### PROMPT:
Restate the following records word for word without images.

Crawled caption data:
━━━━━━━━━━━━━━━━━━━━━━━━━━━━━━
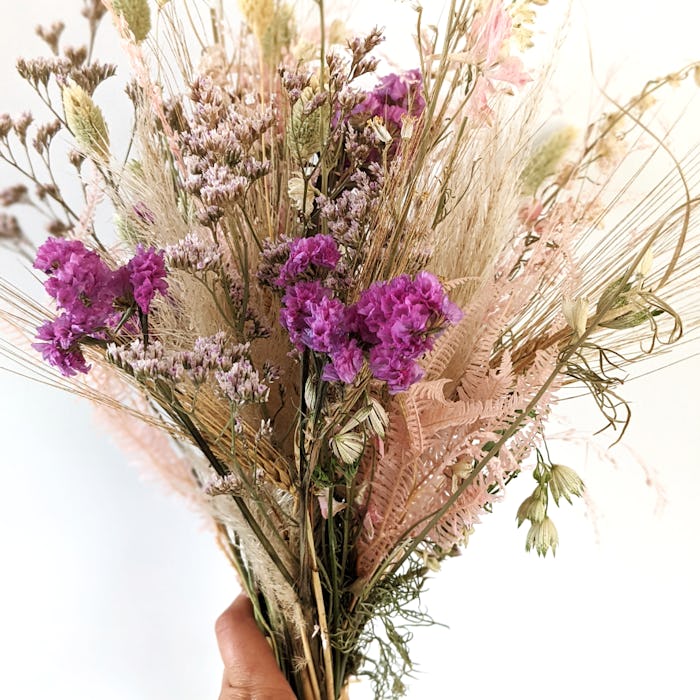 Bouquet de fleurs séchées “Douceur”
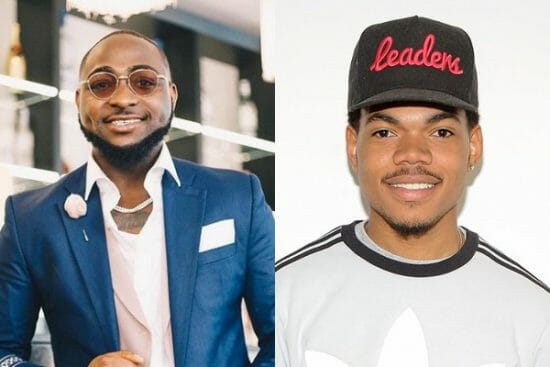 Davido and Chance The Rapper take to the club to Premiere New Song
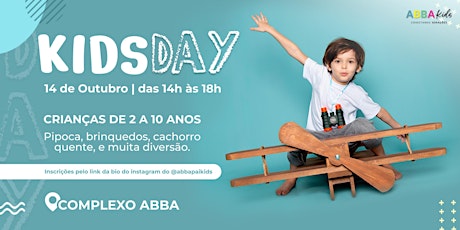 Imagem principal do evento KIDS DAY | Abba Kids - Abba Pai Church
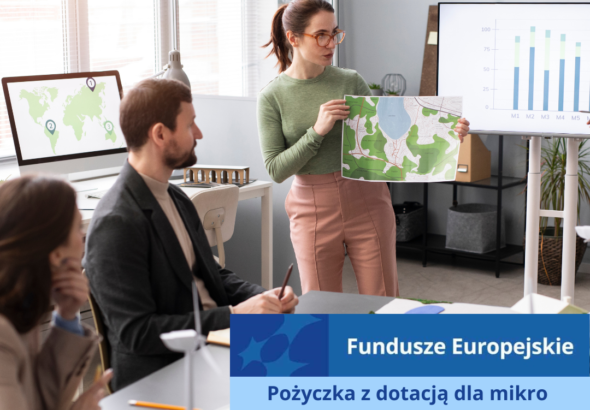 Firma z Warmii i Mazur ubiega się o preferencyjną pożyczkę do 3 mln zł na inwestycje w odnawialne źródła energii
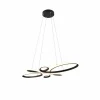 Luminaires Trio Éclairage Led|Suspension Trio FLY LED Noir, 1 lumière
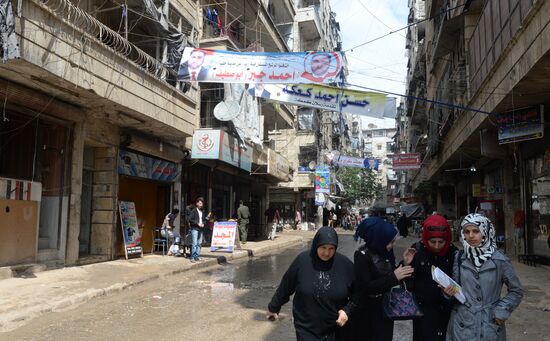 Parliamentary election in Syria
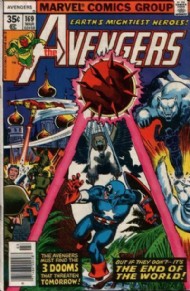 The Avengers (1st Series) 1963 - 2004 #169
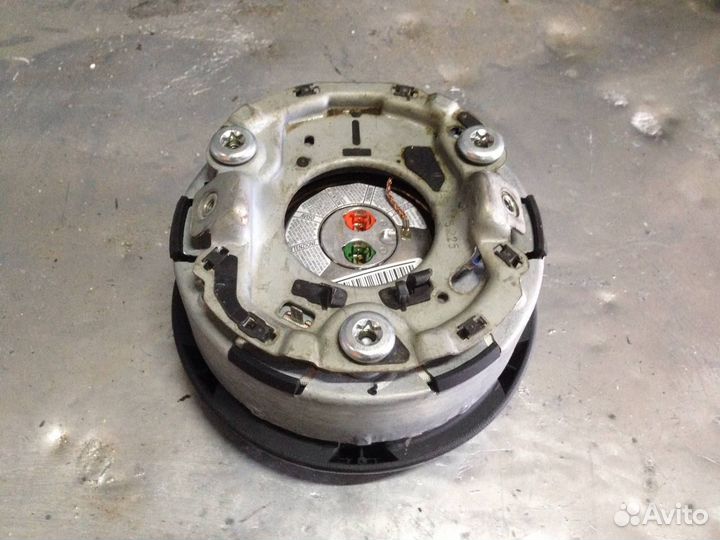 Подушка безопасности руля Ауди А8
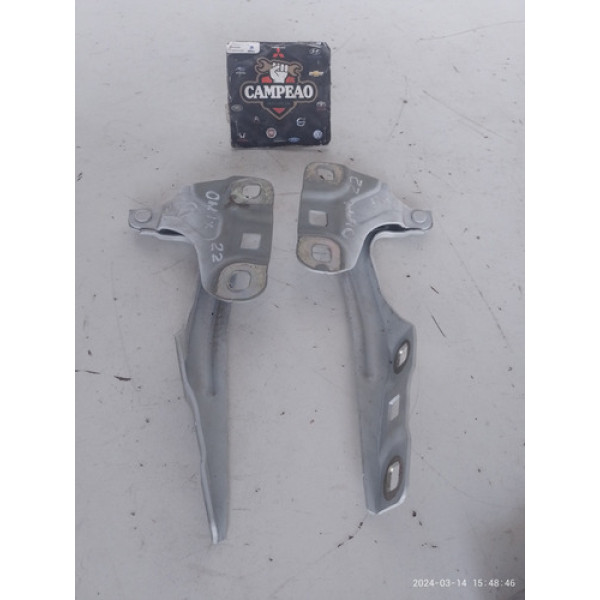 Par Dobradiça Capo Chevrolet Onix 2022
━━━━━━━━━━━━━━━━━━━━━━━━━━━━━━
### OUTPUT BELOW:
 Bouquet de fleurs séchées “Douceur”
 Davido and Chance The Rapper take to the club to Premiere New Song
 Imagem principal do evento KIDS DAY | Abba Kids - Abba Pai Church
 Firma z Warmii i Mazur ubiega się o preferencyjną pożyczkę do 3 mln zł na inwestycje w odnawialne źródła energii
 Luminaires Trio Éclairage Led|Suspension Trio FLY LED Noir, 1 lumière
 Parliamentary election in Syria
 The Avengers (1st Series) 1963 - 2004 #169
 Подушка безопасности руля Ауди А8
 Par Dobradiça Capo Chevrolet Onix 2022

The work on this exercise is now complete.